3. Last summer, I invited Peter to come to Gillian’s to celebrate my first night back in New York. At this point, all my friends knew about him, yet none of them had actually met him. I was dying to have him vetted.. Maybe now, after the 15th (or more like the 20th) date, it could somehow work out? By the time Peter came, my friends had finished 5 pitchers of mojitos, at which point they would have been accepting of a one-legged unicorn as my boyfriend. After a warm hello, my girlfriend asked Peter what he did. “I work in the circus”, was his response. The awkward silence that followed was a clear indicator that my doubts had been justified. We then headed to ACME, where I was informed that we could only go in “without the guy”. I turned around and wished Peter good night, fully convinced that I would never see him again.

4. Last month, I came to New York and turned on my phone. There was Peter on What’s App, waiting for his next round of hell! We agreed to meet in the East Village on a Friday night. I arrived accompanied by my friend and my 16-year-old niece, who had recently conducted the classic high-school experiment of consuming hard liquor on an empty stomach.
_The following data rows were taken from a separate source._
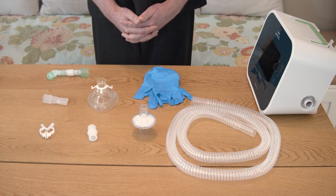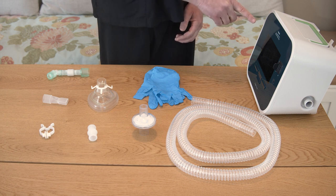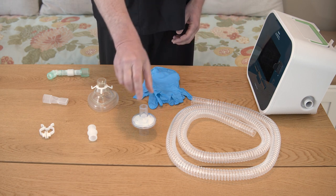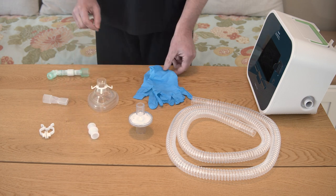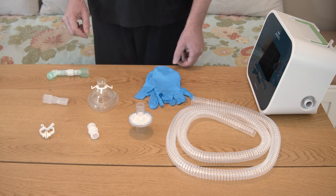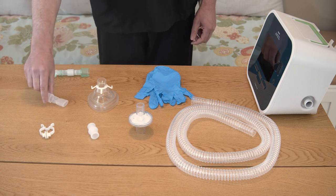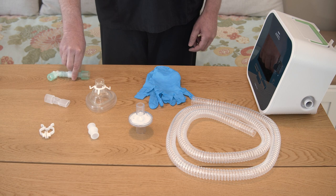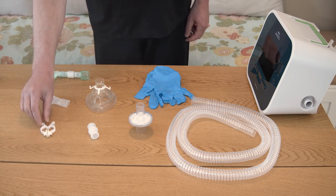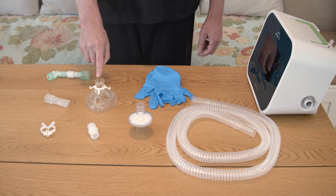Gather the equipment and supplies you need: a cough assist device, tubing, a filter, an adapter, non-sterile gloves if you want to wear gloves, a patient interface such as a mouthpiece, face mask, or trach tube adapter, and a nose clip if needed. For this video, we'll be using a face mask.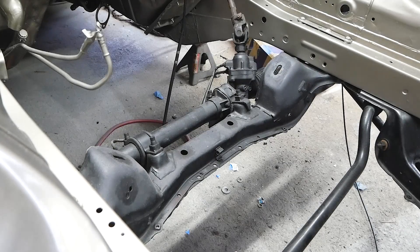Those sway bar end link pieces are in. I'm going to try to throw the motor mounts in and I think I'm done for the day, because I don't feel like doing the brake lines yet. I'm doing new brake lines but I wanted to wait until the engine was in the car to do those. Let's throw the motor mounts in and then maybe we'll reassess after that — I don't remember how these things go in.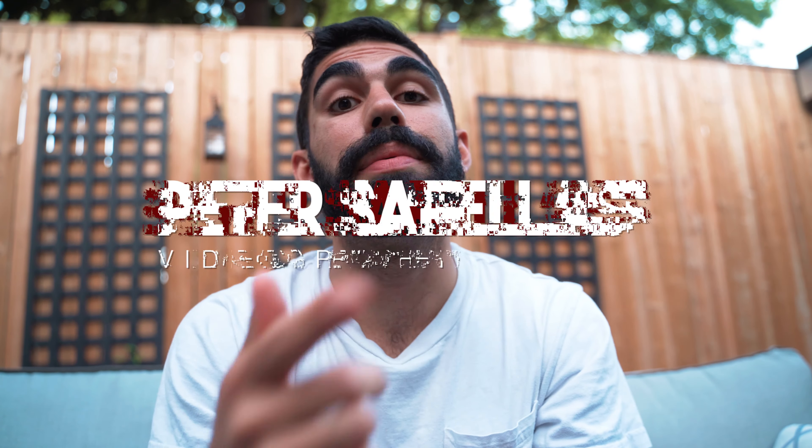I'm going to tell you the tips that I use to film my sports workout videos so that you can film some awesome sports workout videos for yourself. My name is Peter Sorelis and I am a videographer and editor from Toronto, Canada. Today I'm going to talk to you about how you can film an awesome sports workout video and how filming a workout video for sports is different from filming a sports game.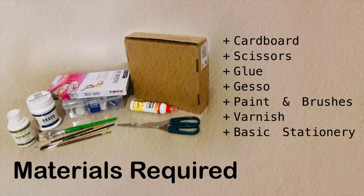Compared to all the other Marvel props that I've built in the past, this is a relatively easy one to make. All you need are some cardboard — preferably the thicker type — scissors, glue, gesso, paint with brushes, varnish, and basic stationery supplies.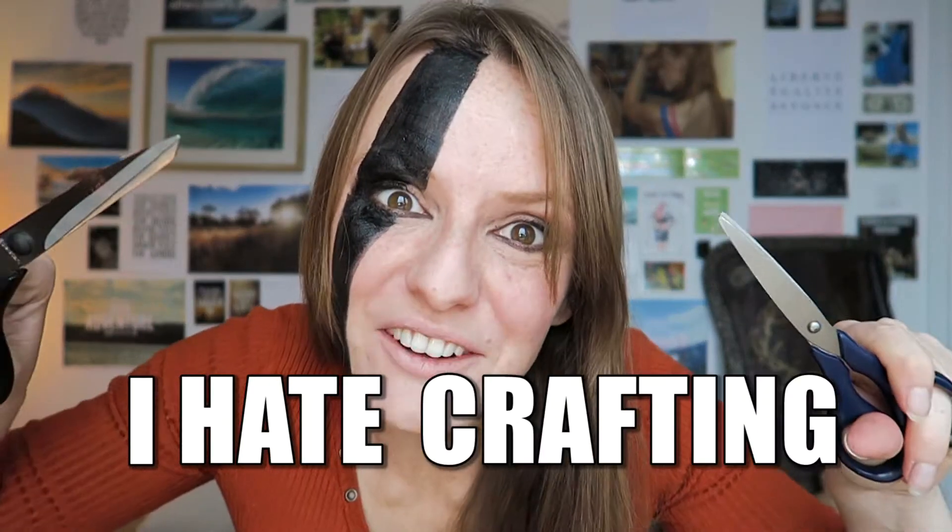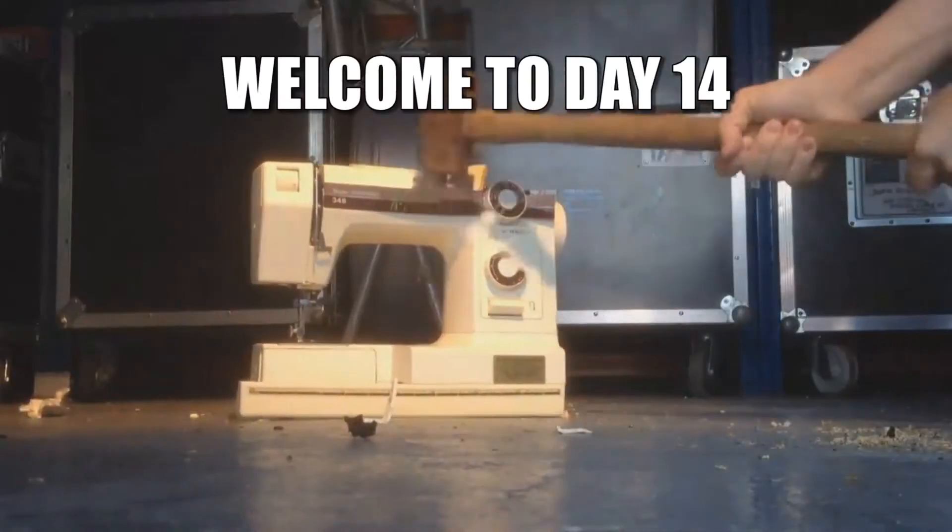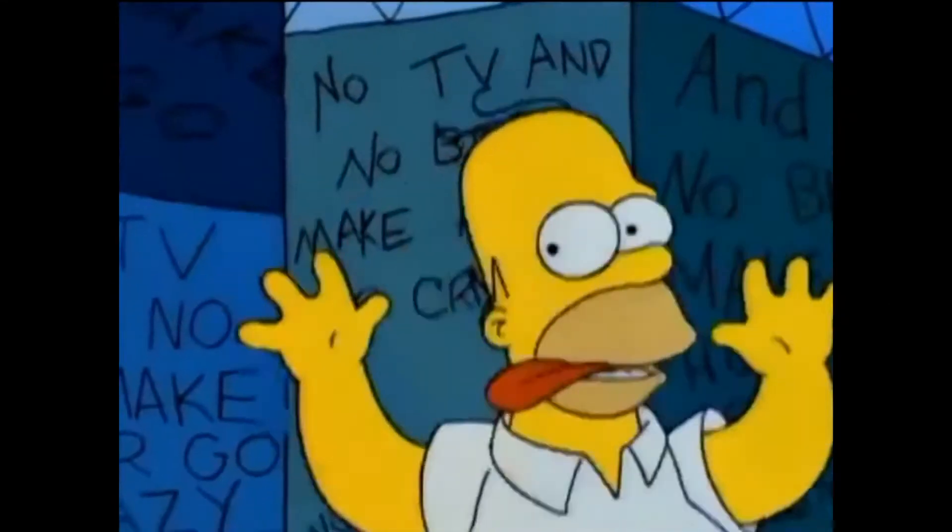I hate crafting. I just hate it when needles break, when I can't find the right tools, when I cut myself for the fourth time or when I sew the wrong end of the fabric. It just drives me crazy. I'm just not a patient person so crafting sucks for me.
As Peter observed the scantily clad mini-me flash her Maryland ID and saunter into the bar, he had a look on his face that suggested that he finally knew the truth: swapping DNA with me would be a very, very bad idea.

Of course, he still called the next day.

I always feel guilty when I think of Peter. Every time a guy screws me over, stands me up, or just disappears into the abyss, I acknowledge that Karma must be paying me back to for being a bitch to the only relentlessly nice guy I’ve ever known. However, each time I see him, my gut tells me the exact same thing I felt on our very first date at the Michelin restaurant, with the grown-up waiters and the amuse-bouches: this guy is not for me. And no matter how many dates we go on, or how many chances we give it, I will never be that happy girl at the bachelorette party, blubbering about my sudden evolution of feelings. Some of us just need that something special, that extra je ne said quoi, that feeling that makes us want to either love or kill a person, but certainly not run away.

4 Comments

  • Totally get this. No reason not to fall for the guy, but inexplicably, he’s just not for you. At the end of the day, you’d be lying to him and yourself if you’d forced yourself to stay! x

  • Experience; a blessing and a curse (at least in this department). Peter would be a “great catch” for the girl who’s never had the je ne sais quoi moment. She would even love him for the simple, boring, well mannered man that he’s described to be.

    • That’s probably true, but it doesn’t stop me from occasionally envying this hypothetic “simple” girl who would be fine settling a Peter.. Life would just be so much easier!